じゃあ、スピヴァックはカッコつけのペダンティストなのか、というと、そうではないでしょう。彼の問い合わせ理論では、その基本部分で、グロタンディーク構成とそれに関連する概念を使っています。
- Database queries and constraints via lifting problems (http://arxiv.org/abs/1202.2591)
スキーマS上のデータベースインスタンス F:S→Set を、グロタンディーク構成によりグロタンディーク・ファイブレーション(ファイバー付き圏; fibred/fibered category)に直しています。データベースインスタンスの全体を、関手圏 [S, Set] と見る立場と、ベース圏(インデキシング圏)S上のファイブレーション全体の圏 Fib(S) と見る立場を使い分けたり同時に使ったりしているのです。

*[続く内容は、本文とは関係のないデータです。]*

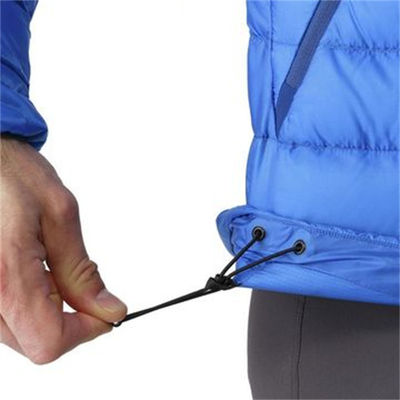 เสื้อกันลมกันน้ำ Outdoor Packable Ultralight Hiking Jacket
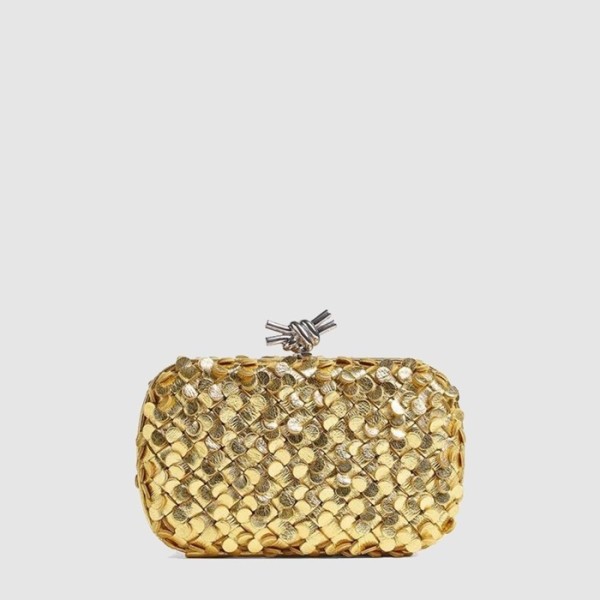 보테가 베네타 여성 놋 파우치 - Bottega veneta Womens Knot Pouch - bvb12649x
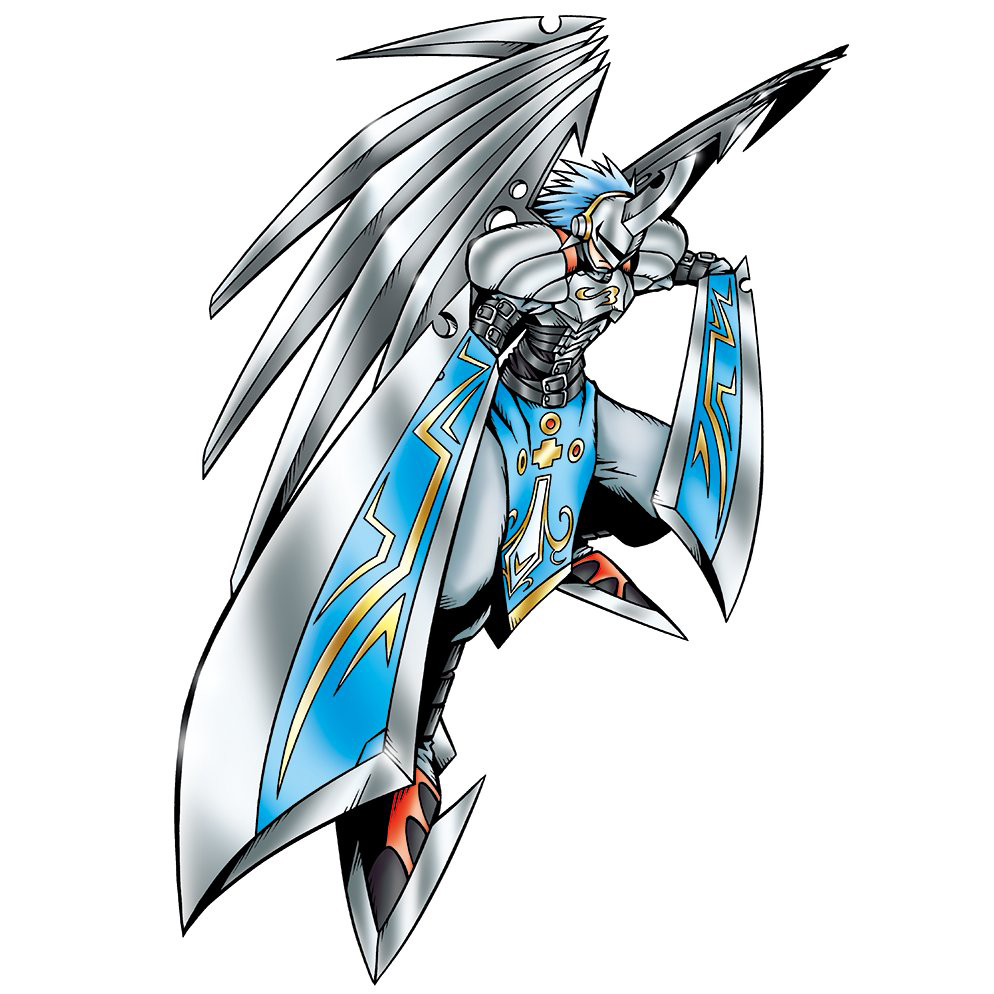 Slashangemon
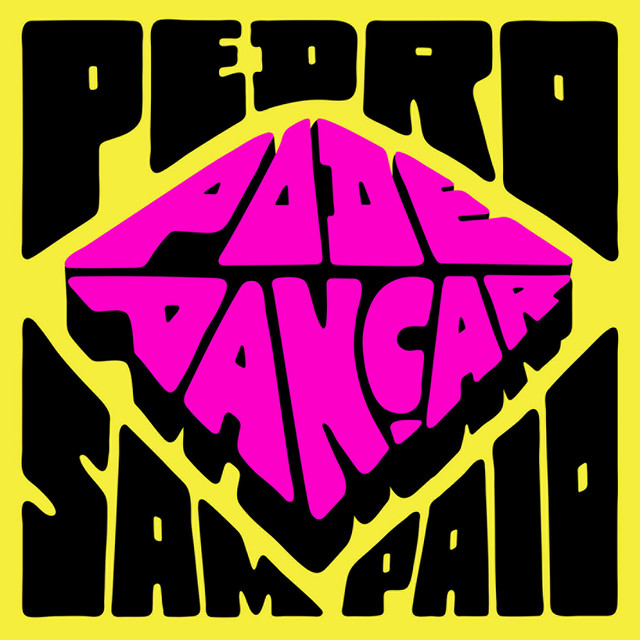 PODE DANÇAR cover art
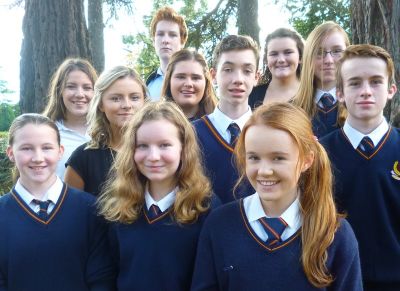 Student Council - a busy winter term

スキーマSは、スキーマ全体からなる圏(ドクトリン)Schの対象です。S |→ [S, Set] 、または S |→ Fib(S) という対応は、射(自然変換)も含めたSch全体に広げることができて関手性を持ちます。これらの“関手”の値はどの圏に入るのか?というと、小さい圏の圏Catには収まりません。必ずしも小さいとは限らない圏の圏CATが必要です*1。
巨大な圏CATのサイズの問題を棚上げすれば、[-, Set]:Sch→CAT、Fib(-):Sch→CAT という大掛かりな関手が定義できます。さらには、SchもCATも2-圏なので、これらの関手は2-関手になっています。関手圏(インデックス付き圏)とファイブレーションは、圏CATのなかで相互に移りあえるので、[-, Set] と Fib(-) は同値(自然同型)な関手となります。この同値を与えているのがグロタンディーク構成です。

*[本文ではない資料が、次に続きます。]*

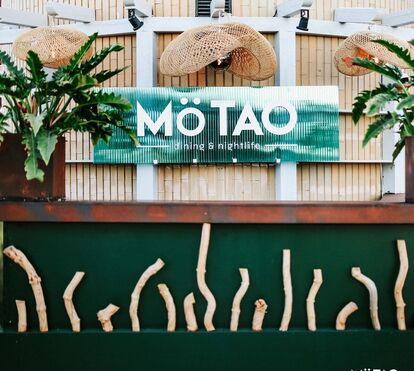 Mö Tao: como a marina de Vilamoura pode ser trendy mas acessivel a qualquer um 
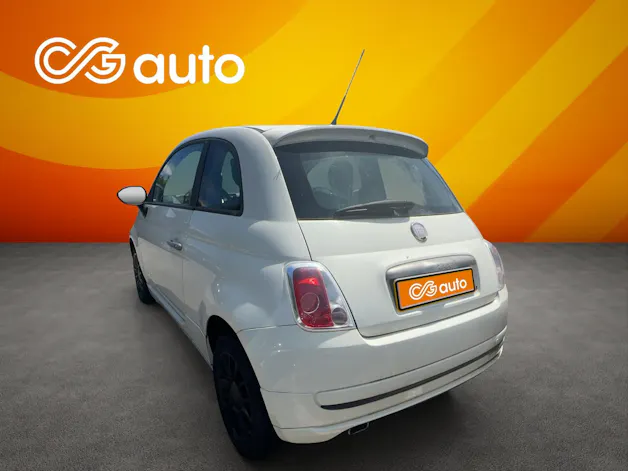 Fiat 500 0.9 Twinair+ Turbo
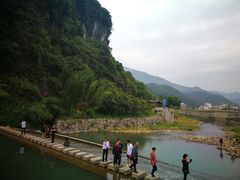-大慈岩风景区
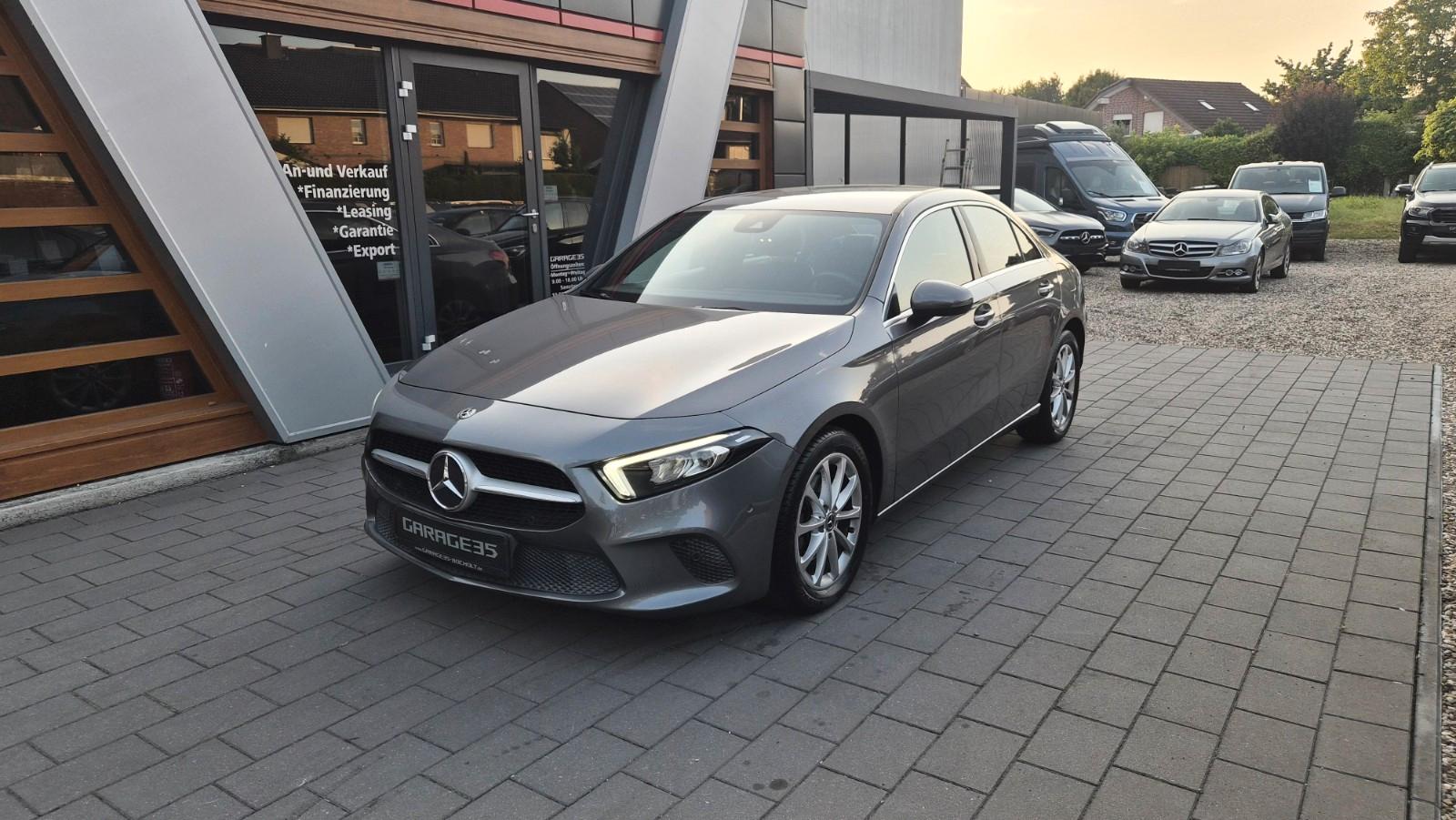 Mercedes-Benz A 200 A Limousine Progressive/MBUX/PREMIUM-PAKET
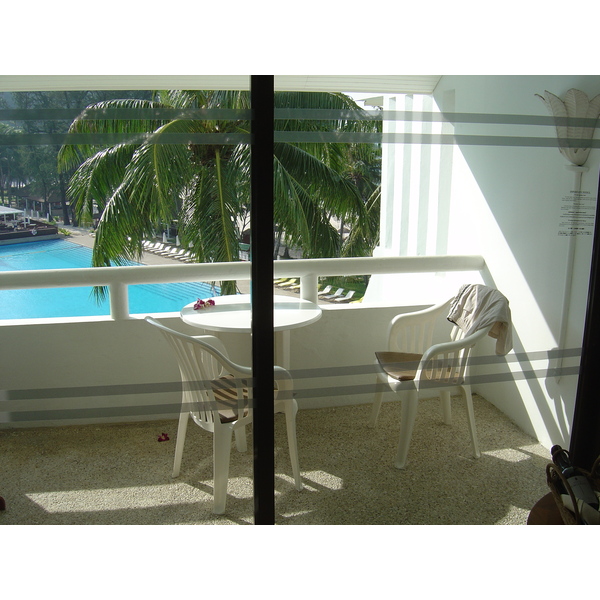 รูปถ่าย ไทย(Thailand) ภูเก็ต(Phuket) โรงแรมเลอเมอริเดียน ภูเก็ตบีช(Meridien Phuket Beach Hotel) 2005-12 46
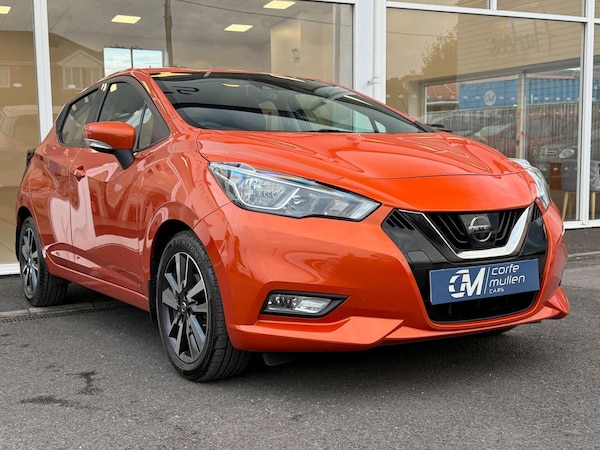Used Nissan Micra 2018 for sale - 76305637: Photo 39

[追記]そういえば、圏の圏、圏の圏の圏などを扱う手法がありますね、それは …… グロタンディーク宇宙。[/追記]
[-, Set] も Fib(-) も、Sch→CAT という関手です。域である圏Schは、小さな圏の圏Catの部分圏(とみなせるもの)でした。そこで、[-, Set] と Fib(-) に共通する性質を抽象した関手 D:A→CAT を考えます。圏AはCatの部分圏で、スキーマのドクトリンSchのめぼしい性質を(公理として)持ち、関手(実際には2-関手)Dは、[-, Set] と Fib(-) に共通の性質を持つように定義します。

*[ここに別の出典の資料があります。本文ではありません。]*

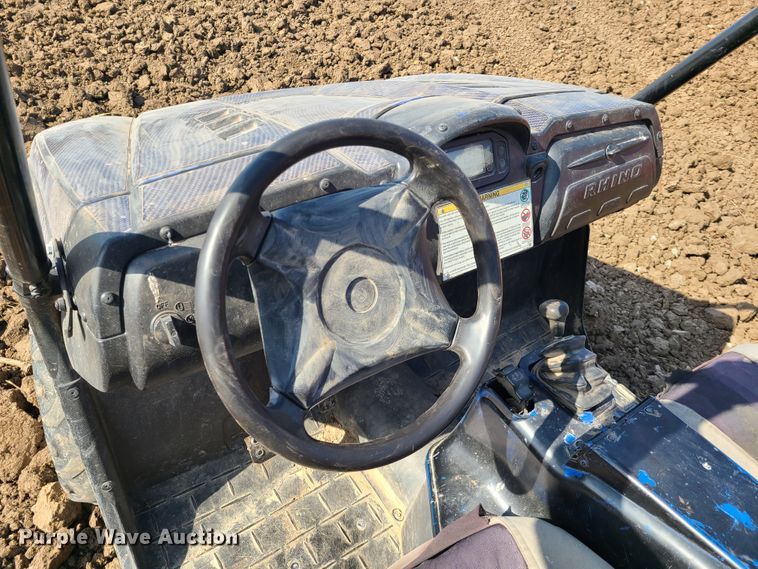 image for item DN6217 Yamaha Rhino 660  utility vehicle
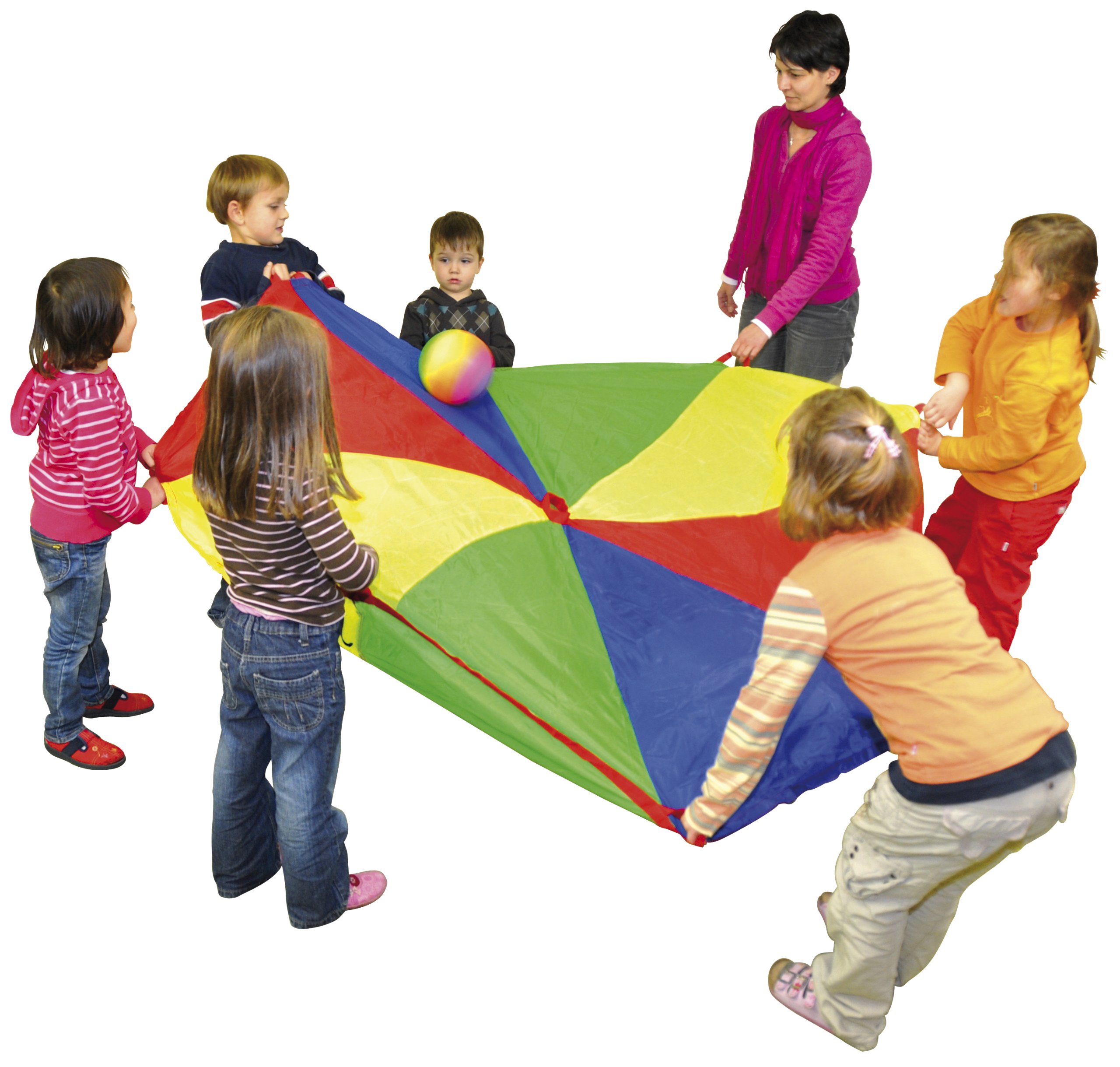 Eduplay 170018 Cloth 185 Cm'' Float, Fly, Crawl, Multi Colour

2-圏Aと2-関手 D:A→CAT が満たす性質(公理)を書き下すことはしませんが、そのような概念的装置はderivatorと呼ばれます。このderivatorを発明したのは誰かというと …… またしてもグロタンディークです。derivatorの研究者であるジョルジュ・マルツィニョティス*2(Georges Maltsiniotis, http://www.math.jussieu.fr/~maltsin/)のサイトに、"a text written by Alexander Grothendieck between October 1990 and the middle of 1991." (http://www.math.jussieu.fr/~maltsin/groth/Derivateursengl.html) が掲載されています。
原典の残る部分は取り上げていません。